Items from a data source
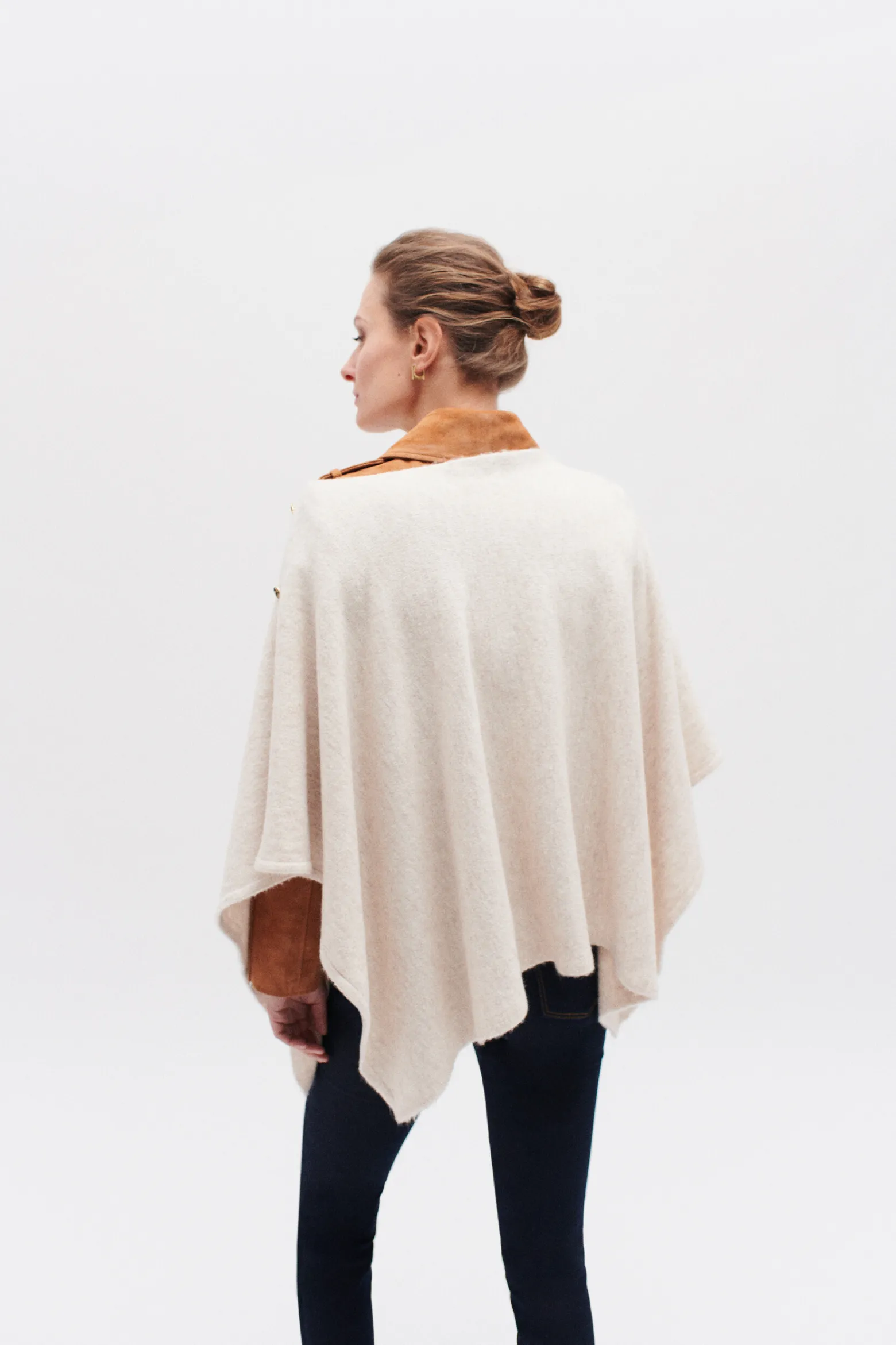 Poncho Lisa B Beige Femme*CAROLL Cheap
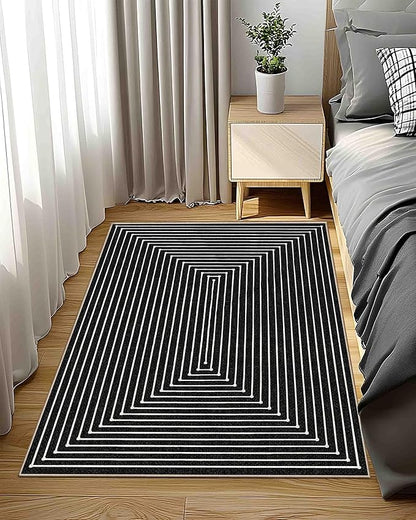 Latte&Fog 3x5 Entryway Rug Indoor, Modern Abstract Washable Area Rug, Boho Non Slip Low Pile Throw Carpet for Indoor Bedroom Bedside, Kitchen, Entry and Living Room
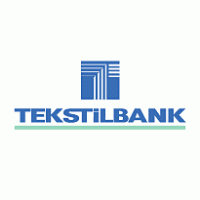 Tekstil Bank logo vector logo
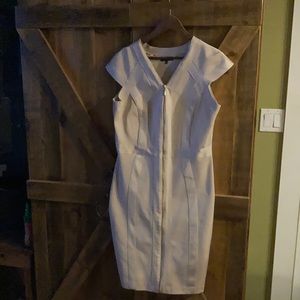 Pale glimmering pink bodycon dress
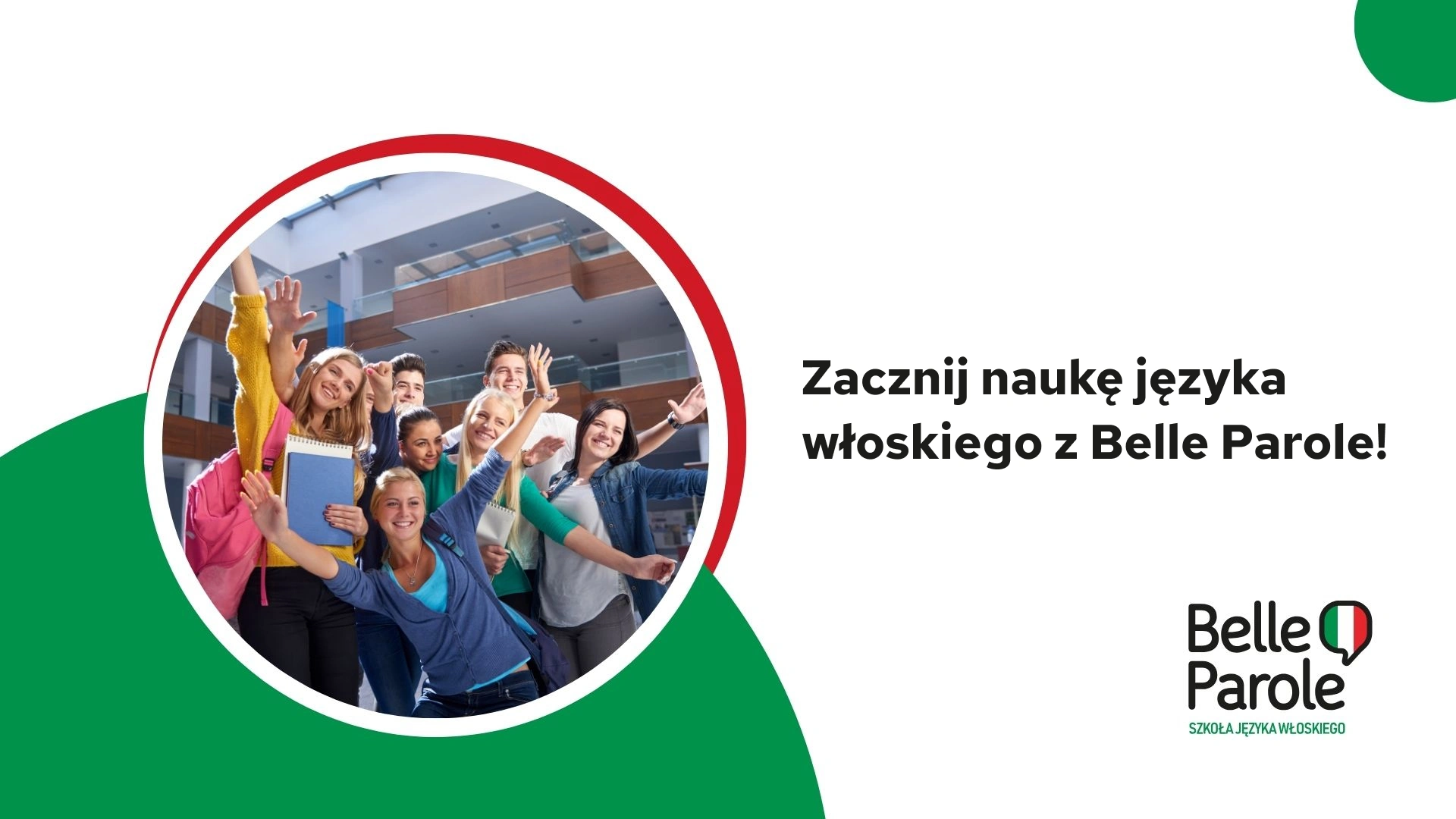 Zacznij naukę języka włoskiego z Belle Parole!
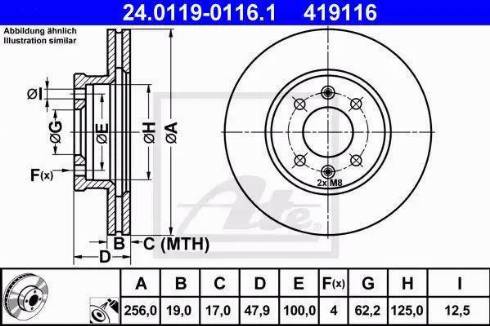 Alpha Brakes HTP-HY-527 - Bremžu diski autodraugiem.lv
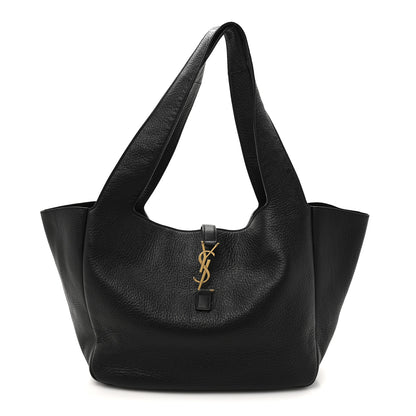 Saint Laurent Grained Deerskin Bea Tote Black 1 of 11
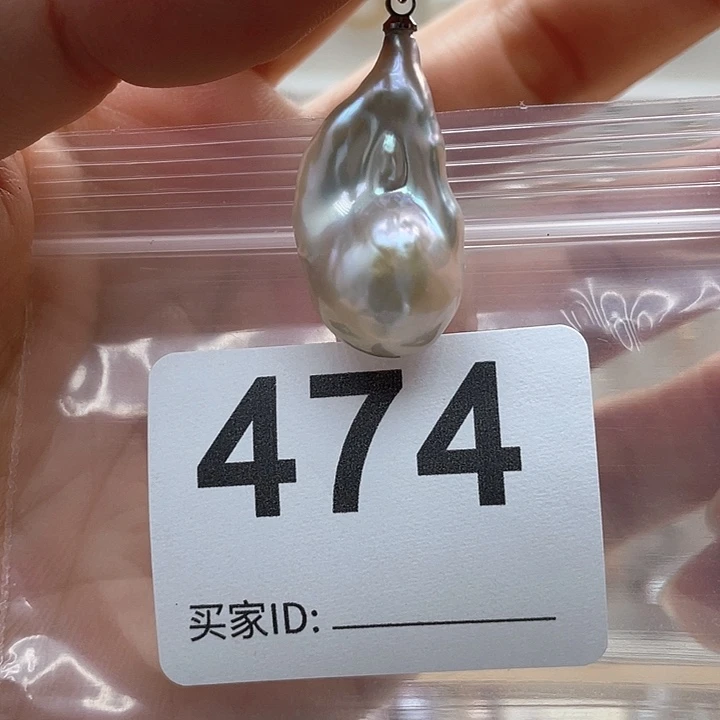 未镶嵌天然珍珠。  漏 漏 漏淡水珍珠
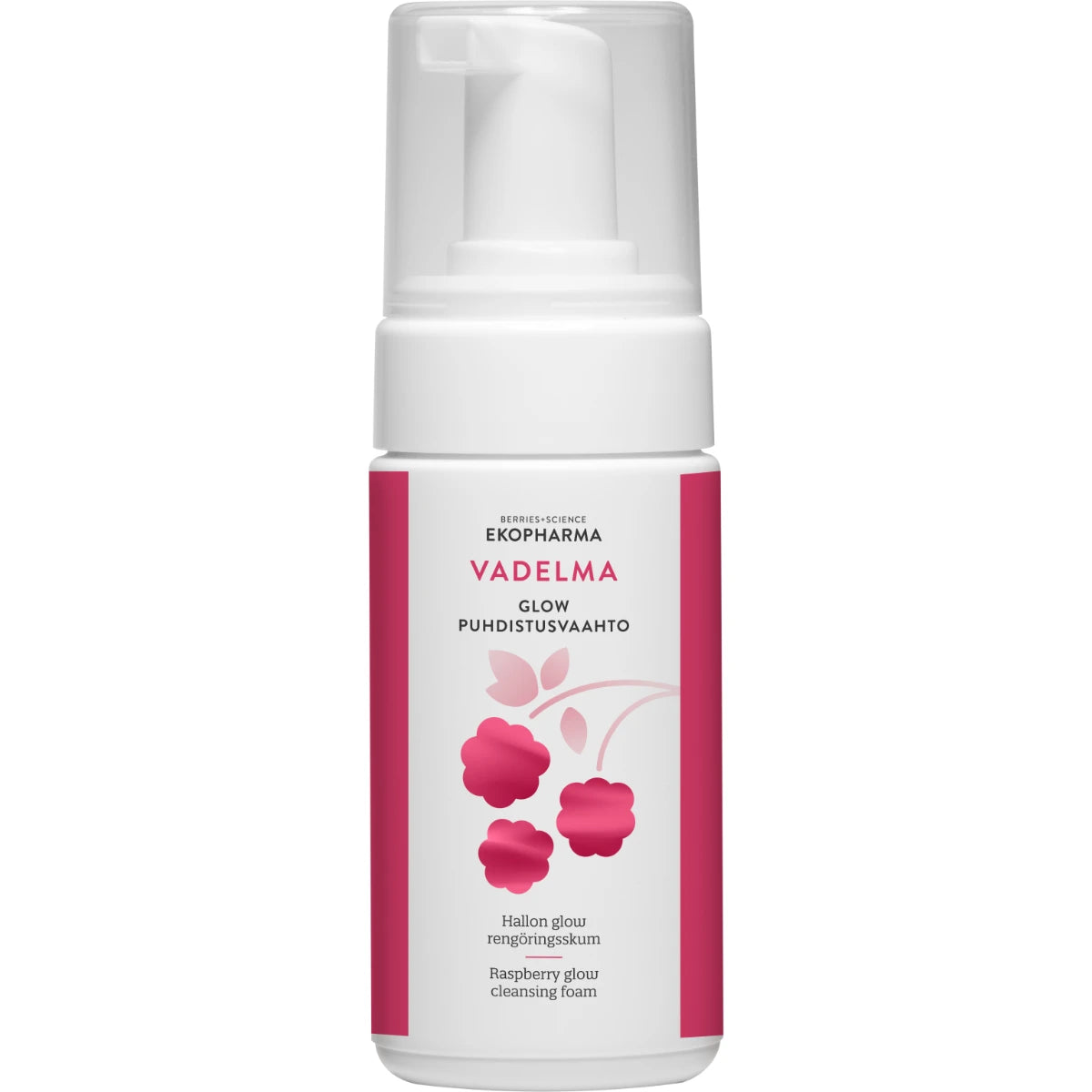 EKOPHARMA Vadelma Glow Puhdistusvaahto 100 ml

Directions for this task:
Write the entries out again exactly as they appear, with the pictures omitted.

Solution to this task:
 Poncho Lisa B Beige Femme*CAROLL Cheap
 Latte&Fog 3x5 Entryway Rug Indoor, Modern Abstract Washable Area Rug, Boho Non Slip Low Pile Throw Carpet for Indoor Bedroom Bedside, Kitchen, Entry and Living Room
 Tekstil Bank logo vector logo
 Pale glimmering pink bodycon dress
 Zacznij naukę języka włoskiego z Belle Parole!
 Alpha Brakes HTP-HY-527 - Bremžu diski autodraugiem.lv
 Saint Laurent Grained Deerskin Bea Tote Black 1 of 11
 未镶嵌天然珍珠。  漏 漏 漏淡水珍珠
 EKOPHARMA Vadelma Glow Puhdistusvaahto 100 ml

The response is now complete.